Comparison of differential PCR and immunohistochemistry for the evaluation of c-erbB-2 in breast carcinoma and relationship to other prognostic factors.

The c-erbB-2 gene codes for a membrane receptor protein that is homologous to the epidermal growth factor receptor. Differential polymerase chain reaction (PCR) is an alternative semi-quantitative method for evaluating gene amplification and can be performed in formalin-fixed paraffin-embedded specimens. We aimed to compare differential PCR and IHC (immunohistochemistry) in the determination of c-erbB-2 status of breast cancers.

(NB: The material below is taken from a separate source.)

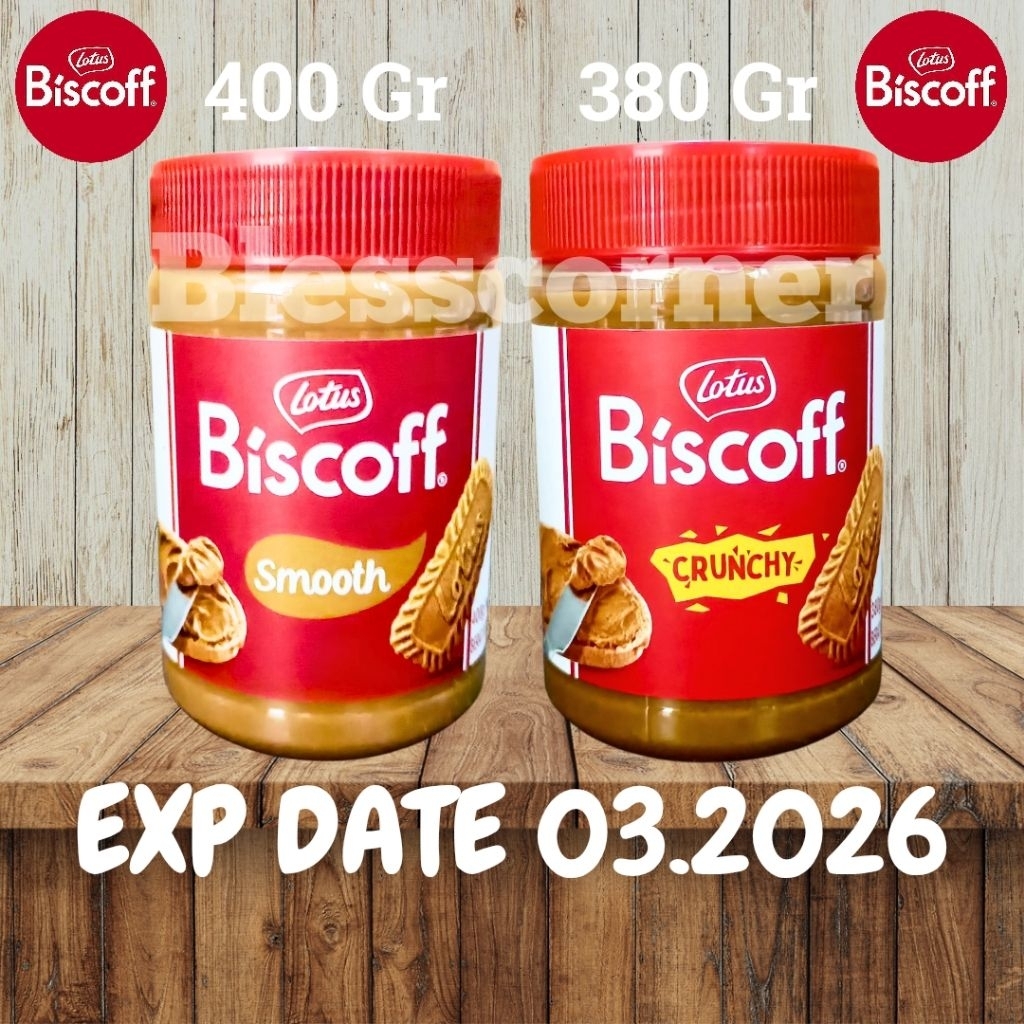 

Selai Lotus Biscoff Lotus Biscoff Spread Selai Lotus Biscoff Crunchy Selai Lotus Biscoff Smooth Lotus Biscoff 380 Gr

Correlation between the prognostic impact of c-erbB-2 gene amplification and protein overexpression with conventional prognostic factors were also evaluated. Differential PCR and IHC for c-erbB-2 were performed on formalin-fixed paraffin sections of 60 invasive breast cancers. Results and the relation with the other prognostic parameters were compared. A highly significant degree of concordance between differential PCR and IHC in the evaluation of c-erbB-2 status of breast carcinoma was detected. Amplification and overexpression were significantly related to the number of metastatic lymph nodes, histologic grade, and lymphatic invasion but not age, histologic type, tumor size and estrogen status. We demonstrated and confirmed the importance of c-erbB-2 overexpression and amplification as a single and combined prognostic parameter together with conventional factors and confirmed that it can be detected by both immunohistochemistry and differential PCR techniques in breast carcinoma. This semi-quantitative technique provides reliable results and can be used routinely.